Print the whole listing, keeping every line exactly as given.
··· Provided information ···
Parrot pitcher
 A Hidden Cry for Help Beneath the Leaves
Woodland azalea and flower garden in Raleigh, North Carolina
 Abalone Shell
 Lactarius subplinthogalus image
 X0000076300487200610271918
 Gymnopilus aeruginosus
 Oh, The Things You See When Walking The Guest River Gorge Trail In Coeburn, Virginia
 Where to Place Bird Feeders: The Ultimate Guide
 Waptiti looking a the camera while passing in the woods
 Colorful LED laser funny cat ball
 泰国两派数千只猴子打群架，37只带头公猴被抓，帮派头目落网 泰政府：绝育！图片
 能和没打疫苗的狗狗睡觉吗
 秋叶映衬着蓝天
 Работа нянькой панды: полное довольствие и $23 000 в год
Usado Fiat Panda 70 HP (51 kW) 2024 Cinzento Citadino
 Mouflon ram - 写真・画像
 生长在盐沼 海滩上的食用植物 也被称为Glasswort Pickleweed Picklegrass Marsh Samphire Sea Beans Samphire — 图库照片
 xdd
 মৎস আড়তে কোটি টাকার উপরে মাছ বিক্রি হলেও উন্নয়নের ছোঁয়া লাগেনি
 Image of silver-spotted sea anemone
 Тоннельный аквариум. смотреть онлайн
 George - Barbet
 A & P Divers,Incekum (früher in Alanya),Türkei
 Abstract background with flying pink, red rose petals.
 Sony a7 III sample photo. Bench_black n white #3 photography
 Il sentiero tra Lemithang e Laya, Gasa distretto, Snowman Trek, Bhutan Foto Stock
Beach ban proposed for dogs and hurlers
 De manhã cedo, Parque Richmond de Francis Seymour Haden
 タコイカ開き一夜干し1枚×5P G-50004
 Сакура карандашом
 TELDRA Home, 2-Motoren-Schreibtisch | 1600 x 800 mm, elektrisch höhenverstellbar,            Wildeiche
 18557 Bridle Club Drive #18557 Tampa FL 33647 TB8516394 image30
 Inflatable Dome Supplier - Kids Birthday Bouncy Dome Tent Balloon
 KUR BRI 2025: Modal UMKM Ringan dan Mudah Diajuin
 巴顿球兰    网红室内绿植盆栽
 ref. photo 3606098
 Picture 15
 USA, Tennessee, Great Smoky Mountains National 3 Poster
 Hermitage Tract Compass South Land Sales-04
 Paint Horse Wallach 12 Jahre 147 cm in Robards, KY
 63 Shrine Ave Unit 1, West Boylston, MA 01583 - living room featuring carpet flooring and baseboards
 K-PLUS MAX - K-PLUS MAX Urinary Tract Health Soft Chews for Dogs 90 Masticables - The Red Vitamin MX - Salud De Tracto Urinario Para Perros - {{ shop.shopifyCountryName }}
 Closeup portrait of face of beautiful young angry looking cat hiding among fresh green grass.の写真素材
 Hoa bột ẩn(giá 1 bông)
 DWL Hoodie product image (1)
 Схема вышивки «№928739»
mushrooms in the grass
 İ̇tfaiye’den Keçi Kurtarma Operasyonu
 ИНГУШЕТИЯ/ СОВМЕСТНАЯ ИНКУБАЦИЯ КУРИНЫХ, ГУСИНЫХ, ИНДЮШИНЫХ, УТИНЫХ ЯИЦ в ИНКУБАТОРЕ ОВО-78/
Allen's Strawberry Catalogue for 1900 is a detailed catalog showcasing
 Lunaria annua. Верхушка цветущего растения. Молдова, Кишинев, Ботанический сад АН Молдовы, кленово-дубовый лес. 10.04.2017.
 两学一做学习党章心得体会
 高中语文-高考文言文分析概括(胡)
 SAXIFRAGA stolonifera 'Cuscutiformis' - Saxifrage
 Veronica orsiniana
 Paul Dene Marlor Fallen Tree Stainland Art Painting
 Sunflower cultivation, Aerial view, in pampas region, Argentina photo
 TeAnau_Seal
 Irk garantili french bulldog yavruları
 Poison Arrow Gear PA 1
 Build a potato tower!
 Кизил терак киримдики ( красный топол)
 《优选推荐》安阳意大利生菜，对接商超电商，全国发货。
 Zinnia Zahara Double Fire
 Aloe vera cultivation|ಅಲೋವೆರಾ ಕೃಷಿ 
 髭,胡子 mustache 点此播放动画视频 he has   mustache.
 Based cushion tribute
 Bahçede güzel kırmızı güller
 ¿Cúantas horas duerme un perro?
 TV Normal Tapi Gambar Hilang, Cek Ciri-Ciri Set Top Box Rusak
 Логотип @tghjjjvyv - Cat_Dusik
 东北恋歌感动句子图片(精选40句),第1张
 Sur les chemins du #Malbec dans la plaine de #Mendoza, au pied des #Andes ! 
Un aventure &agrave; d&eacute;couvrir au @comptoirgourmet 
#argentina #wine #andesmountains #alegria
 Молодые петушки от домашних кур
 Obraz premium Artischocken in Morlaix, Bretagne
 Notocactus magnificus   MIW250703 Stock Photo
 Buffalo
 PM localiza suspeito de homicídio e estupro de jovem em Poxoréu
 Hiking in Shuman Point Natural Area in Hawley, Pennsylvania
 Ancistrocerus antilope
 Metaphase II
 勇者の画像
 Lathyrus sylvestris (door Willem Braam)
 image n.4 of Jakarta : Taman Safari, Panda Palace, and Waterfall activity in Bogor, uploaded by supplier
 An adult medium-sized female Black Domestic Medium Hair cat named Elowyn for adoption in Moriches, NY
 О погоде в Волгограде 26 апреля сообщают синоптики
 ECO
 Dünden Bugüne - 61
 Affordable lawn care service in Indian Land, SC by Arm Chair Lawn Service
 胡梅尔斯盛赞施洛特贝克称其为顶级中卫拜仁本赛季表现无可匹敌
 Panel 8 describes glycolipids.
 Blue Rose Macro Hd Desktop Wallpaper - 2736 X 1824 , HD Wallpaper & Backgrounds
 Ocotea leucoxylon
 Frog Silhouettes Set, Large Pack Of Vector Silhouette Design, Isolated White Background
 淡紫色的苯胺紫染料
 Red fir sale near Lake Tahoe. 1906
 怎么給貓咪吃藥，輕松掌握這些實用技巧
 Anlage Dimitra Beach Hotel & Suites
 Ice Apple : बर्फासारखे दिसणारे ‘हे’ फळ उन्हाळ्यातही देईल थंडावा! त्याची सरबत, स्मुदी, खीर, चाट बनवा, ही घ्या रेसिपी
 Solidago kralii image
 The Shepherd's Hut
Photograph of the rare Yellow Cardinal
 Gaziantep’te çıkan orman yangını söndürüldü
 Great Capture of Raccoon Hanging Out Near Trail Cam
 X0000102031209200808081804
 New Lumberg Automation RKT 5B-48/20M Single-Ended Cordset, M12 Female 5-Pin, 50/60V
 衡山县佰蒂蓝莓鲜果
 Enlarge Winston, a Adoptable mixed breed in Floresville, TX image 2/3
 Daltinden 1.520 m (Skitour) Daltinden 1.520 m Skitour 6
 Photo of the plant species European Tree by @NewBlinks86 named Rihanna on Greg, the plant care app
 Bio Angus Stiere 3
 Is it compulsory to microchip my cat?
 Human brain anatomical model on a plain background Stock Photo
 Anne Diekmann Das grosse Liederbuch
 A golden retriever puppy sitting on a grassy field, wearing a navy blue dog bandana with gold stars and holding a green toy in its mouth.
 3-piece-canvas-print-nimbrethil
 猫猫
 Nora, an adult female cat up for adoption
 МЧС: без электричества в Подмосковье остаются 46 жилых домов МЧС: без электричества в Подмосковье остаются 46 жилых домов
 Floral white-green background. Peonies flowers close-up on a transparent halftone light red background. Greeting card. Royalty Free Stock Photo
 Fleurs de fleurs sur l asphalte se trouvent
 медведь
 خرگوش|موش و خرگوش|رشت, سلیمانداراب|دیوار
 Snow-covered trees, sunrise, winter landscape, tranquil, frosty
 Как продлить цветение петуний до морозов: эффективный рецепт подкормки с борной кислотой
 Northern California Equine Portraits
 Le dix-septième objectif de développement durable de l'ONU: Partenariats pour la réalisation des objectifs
···
**Response below:**
Parrot pitcher
 A Hidden Cry for Help Beneath the Leaves
Woodland azalea and flower garden in Raleigh, North Carolina
 Abalone Shell
 Lactarius subplinthogalus image
 X0000076300487200610271918
 Gymnopilus aeruginosus
 Oh, The Things You See When Walking The Guest River Gorge Trail In Coeburn, Virginia
 Where to Place Bird Feeders: The Ultimate Guide
 Waptiti looking a the camera while passing in the woods
 Colorful LED laser funny cat ball
 泰国两派数千只猴子打群架，37只带头公猴被抓，帮派头目落网 泰政府：绝育！图片
 能和没打疫苗的狗狗睡觉吗
 秋叶映衬着蓝天
 Работа нянькой панды: полное довольствие и $23 000 в год
Usado Fiat Panda 70 HP (51 kW) 2024 Cinzento Citadino
 Mouflon ram - 写真・画像
 生长在盐沼 海滩上的食用植物 也被称为Glasswort Pickleweed Picklegrass Marsh Samphire Sea Beans Samphire — 图库照片
 xdd
 মৎস আড়তে কোটি টাকার উপরে মাছ বিক্রি হলেও উন্নয়নের ছোঁয়া লাগেনি
 Image of silver-spotted sea anemone
 Тоннельный аквариум. смотреть онлайн
 George - Barbet
 A & P Divers,Incekum (früher in Alanya),Türkei
 Abstract background with flying pink, red rose petals.
 Sony a7 III sample photo. Bench_black n white #3 photography
 Il sentiero tra Lemithang e Laya, Gasa distretto, Snowman Trek, Bhutan Foto Stock
Beach ban proposed for dogs and hurlers
 De manhã cedo, Parque Richmond de Francis Seymour Haden
 タコイカ開き一夜干し1枚×5P G-50004
 Сакура карандашом
 TELDRA Home, 2-Motoren-Schreibtisch | 1600 x 800 mm, elektrisch höhenverstellbar,            Wildeiche
 18557 Bridle Club Drive #18557 Tampa FL 33647 TB8516394 image30
 Inflatable Dome Supplier - Kids Birthday Bouncy Dome Tent Balloon
 KUR BRI 2025: Modal UMKM Ringan dan Mudah Diajuin
 巴顿球兰    网红室内绿植盆栽
 ref. photo 3606098
 Picture 15
 USA, Tennessee, Great Smoky Mountains National 3 Poster
 Hermitage Tract Compass South Land Sales-04
 Paint Horse Wallach 12 Jahre 147 cm in Robards, KY
 63 Shrine Ave Unit 1, West Boylston, MA 01583 - living room featuring carpet flooring and baseboards
 K-PLUS MAX - K-PLUS MAX Urinary Tract Health Soft Chews for Dogs 90 Masticables - The Red Vitamin MX - Salud De Tracto Urinario Para Perros - {{ shop.shopifyCountryName }}
 Closeup portrait of face of beautiful young angry looking cat hiding among fresh green grass.の写真素材
 Hoa bột ẩn(giá 1 bông)
 DWL Hoodie product image (1)
 Схема вышивки «№928739»
mushrooms in the grass
 İ̇tfaiye’den Keçi Kurtarma Operasyonu
 ИНГУШЕТИЯ/ СОВМЕСТНАЯ ИНКУБАЦИЯ КУРИНЫХ, ГУСИНЫХ, ИНДЮШИНЫХ, УТИНЫХ ЯИЦ в ИНКУБАТОРЕ ОВО-78/
Allen's Strawberry Catalogue for 1900 is a detailed catalog showcasing
 Lunaria annua. Верхушка цветущего растения. Молдова, Кишинев, Ботанический сад АН Молдовы, кленово-дубовый лес. 10.04.2017.
 两学一做学习党章心得体会
 高中语文-高考文言文分析概括(胡)
 SAXIFRAGA stolonifera 'Cuscutiformis' - Saxifrage
 Veronica orsiniana
 Paul Dene Marlor Fallen Tree Stainland Art Painting
 Sunflower cultivation, Aerial view, in pampas region, Argentina photo
 TeAnau_Seal
 Irk garantili french bulldog yavruları
 Poison Arrow Gear PA 1
 Build a potato tower!
 Кизил терак киримдики ( красный топол)
 《优选推荐》安阳意大利生菜，对接商超电商，全国发货。
 Zinnia Zahara Double Fire
 Aloe vera cultivation|ಅಲೋವೆರಾ ಕೃಷಿ 
 髭,胡子 mustache 点此播放动画视频 he has   mustache.
 Based cushion tribute
 Bahçede güzel kırmızı güller
 ¿Cúantas horas duerme un perro?
 TV Normal Tapi Gambar Hilang, Cek Ciri-Ciri Set Top Box Rusak
 Логотип @tghjjjvyv - Cat_Dusik
 东北恋歌感动句子图片(精选40句),第1张
 Sur les chemins du #Malbec dans la plaine de #Mendoza, au pied des #Andes ! 
Un aventure &agrave; d&eacute;couvrir au @comptoirgourmet 
#argentina #wine #andesmountains #alegria
 Молодые петушки от домашних кур
 Obraz premium Artischocken in Morlaix, Bretagne
 Notocactus magnificus   MIW250703 Stock Photo
 Buffalo
 PM localiza suspeito de homicídio e estupro de jovem em Poxoréu
 Hiking in Shuman Point Natural Area in Hawley, Pennsylvania
 Ancistrocerus antilope
 Metaphase II
 勇者の画像
 Lathyrus sylvestris (door Willem Braam)
 image n.4 of Jakarta : Taman Safari, Panda Palace, and Waterfall activity in Bogor, uploaded by supplier
 An adult medium-sized female Black Domestic Medium Hair cat named Elowyn for adoption in Moriches, NY
 О погоде в Волгограде 26 апреля сообщают синоптики
 ECO
 Dünden Bugüne - 61
 Affordable lawn care service in Indian Land, SC by Arm Chair Lawn Service
 胡梅尔斯盛赞施洛特贝克称其为顶级中卫拜仁本赛季表现无可匹敌
 Panel 8 describes glycolipids.
 Blue Rose Macro Hd Desktop Wallpaper - 2736 X 1824 , HD Wallpaper & Backgrounds
 Ocotea leucoxylon
 Frog Silhouettes Set, Large Pack Of Vector Silhouette Design, Isolated White Background
 淡紫色的苯胺紫染料
 Red fir sale near Lake Tahoe. 1906
 怎么給貓咪吃藥，輕松掌握這些實用技巧
 Anlage Dimitra Beach Hotel & Suites
 Ice Apple : बर्फासारखे दिसणारे ‘हे’ फळ उन्हाळ्यातही देईल थंडावा! त्याची सरबत, स्मुदी, खीर, चाट बनवा, ही घ्या रेसिपी
 Solidago kralii image
 The Shepherd's Hut
Photograph of the rare Yellow Cardinal
 Gaziantep’te çıkan orman yangını söndürüldü
 Great Capture of Raccoon Hanging Out Near Trail Cam
 X0000102031209200808081804
 New Lumberg Automation RKT 5B-48/20M Single-Ended Cordset, M12 Female 5-Pin, 50/60V
 衡山县佰蒂蓝莓鲜果
 Enlarge Winston, a Adoptable mixed breed in Floresville, TX image 2/3
 Daltinden 1.520 m (Skitour) Daltinden 1.520 m Skitour 6
 Photo of the plant species European Tree by @NewBlinks86 named Rihanna on Greg, the plant care app
 Bio Angus Stiere 3
 Is it compulsory to microchip my cat?
 Human brain anatomical model on a plain background Stock Photo
 Anne Diekmann Das grosse Liederbuch
 A golden retriever puppy sitting on a grassy field, wearing a navy blue dog bandana with gold stars and holding a green toy in its mouth.
 3-piece-canvas-print-nimbrethil
 猫猫
 Nora, an adult female cat up for adoption
 МЧС: без электричества в Подмосковье остаются 46 жилых домов МЧС: без электричества в Подмосковье остаются 46 жилых домов
 Floral white-green background. Peonies flowers close-up on a transparent halftone light red background. Greeting card. Royalty Free Stock Photo
 Fleurs de fleurs sur l asphalte se trouvent
 медведь
 خرگوش|موش و خرگوش|رشت, سلیمانداراب|دیوار
 Snow-covered trees, sunrise, winter landscape, tranquil, frosty
 Как продлить цветение петуний до морозов: эффективный рецепт подкормки с борной кислотой
 Northern California Equine Portraits
 Le dix-septième objectif de développement durable de l'ONU: Partenariats pour la réalisation des objectifs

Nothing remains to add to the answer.